As the recent successful winner of the RapidMiner farming on Mars
competition, I thought I would post the evolutionary process that helped lead me to the best solution.
I've tidied it up a bit and in fact there are 4 processes. The main one calls the others using "Execute Process" which ensures that common processing is placed in one location to avoid making errors.
The four processes are.
- EvoExample.rmp
- ReadAllData.rmp
- FilterHourAndSelectAttributes.rmp
- ImportData.rmp
When saving these, ensure the names are as above and they are all saved in the same repository. It's also important to point the processes at the locations of the training and test files. Download the training data from
here and the test data from
here. Unzip in the normal way and enter the locations into the "ReadAllData" process by changing the macros associated with the "ExecuteProcess" operator that runs the "ImportData" process.
When all the dust has settled, run the "EvoExample" process and observe the log output that writes a row each time a test has been performed with the specific settings of hour and misclassification cost.
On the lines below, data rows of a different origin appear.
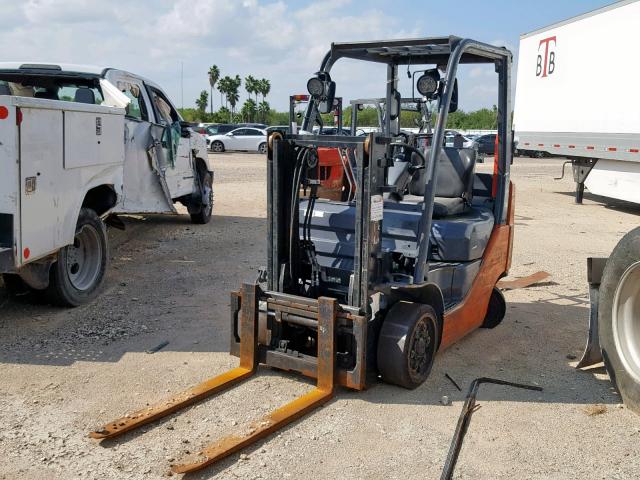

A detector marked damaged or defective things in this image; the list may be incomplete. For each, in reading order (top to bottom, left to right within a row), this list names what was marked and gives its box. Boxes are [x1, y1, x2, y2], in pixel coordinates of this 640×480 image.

damaged white truck [0, 63, 214, 306]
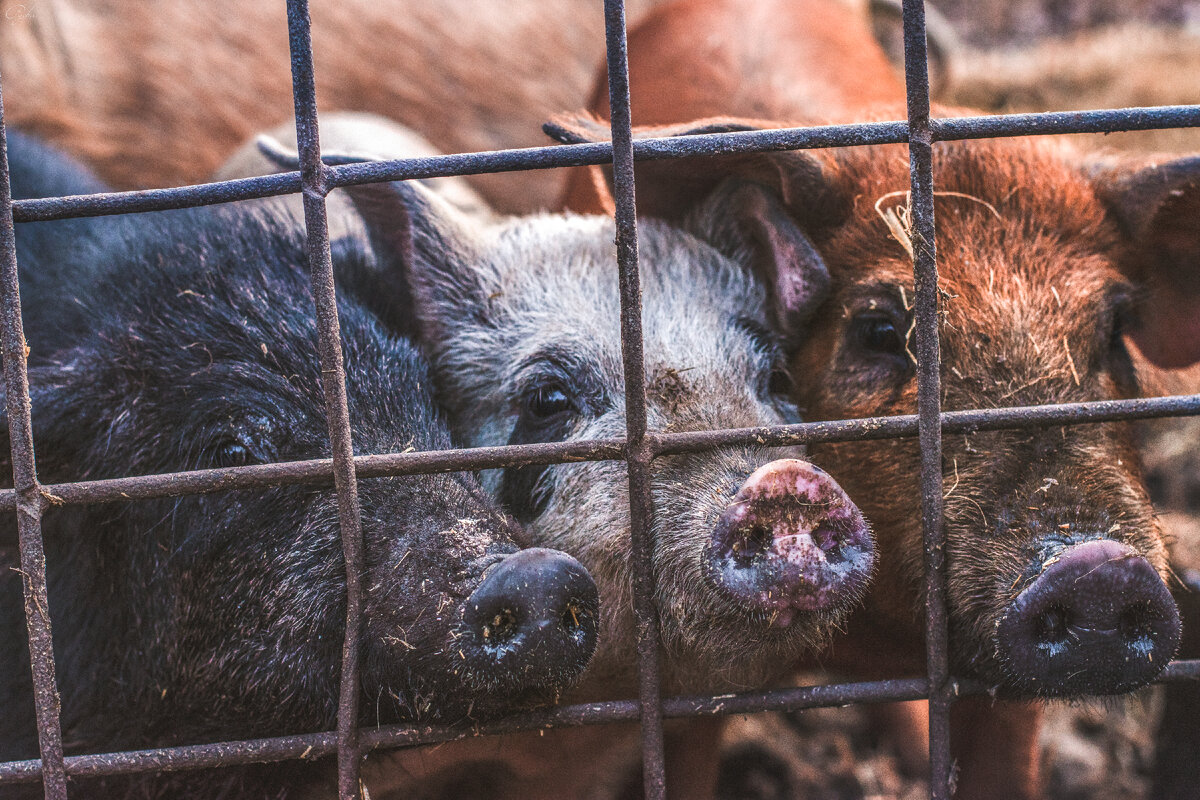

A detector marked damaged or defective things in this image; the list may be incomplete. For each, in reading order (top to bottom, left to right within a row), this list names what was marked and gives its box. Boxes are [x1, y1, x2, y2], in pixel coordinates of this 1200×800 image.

rusty metal bar [0, 68, 68, 800]
rusty metal bar [283, 3, 362, 796]
rusty metal bar [604, 0, 672, 796]
rusty metal bar [902, 1, 955, 800]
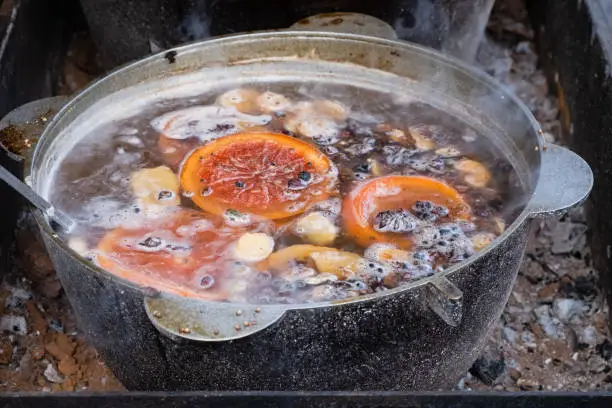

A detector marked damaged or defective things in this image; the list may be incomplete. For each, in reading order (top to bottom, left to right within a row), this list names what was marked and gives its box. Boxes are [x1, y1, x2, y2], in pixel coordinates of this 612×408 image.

These two parameters are contained in the depths of the process and the evolutionary process chooses values for these parameters and determines how they affect performance.
The process has a couple of interesting features. Firstly, the performance is extracted from a calculation to match the scoring used in the competition. The operator "Extract Performance" is used to do this. Secondly, the process shows a way of varying the value of a macro inside the evolutionary operator. This is a bit of a hack and involves using the varying parameter of the evolutionary operator to control the execution of the example set made by a "Generate Data" operator and then using other operators to extract the details of this dummy example set to place into a macro. Maybe there's an easier way; I couldn't find one.
The contest did reveal an issue with the way nominal values are read and assigned which show up when running in Windows and in Linux environments. I hope this will lead to an enhancement to allow more control to be exerted. In the meantime, the process tries to get round these by sorting and being explicit in assigning positive and negative labels. Despite this, there is a chance that different environments will yield different results. The interested reader is referred to this
process.
Have fun!...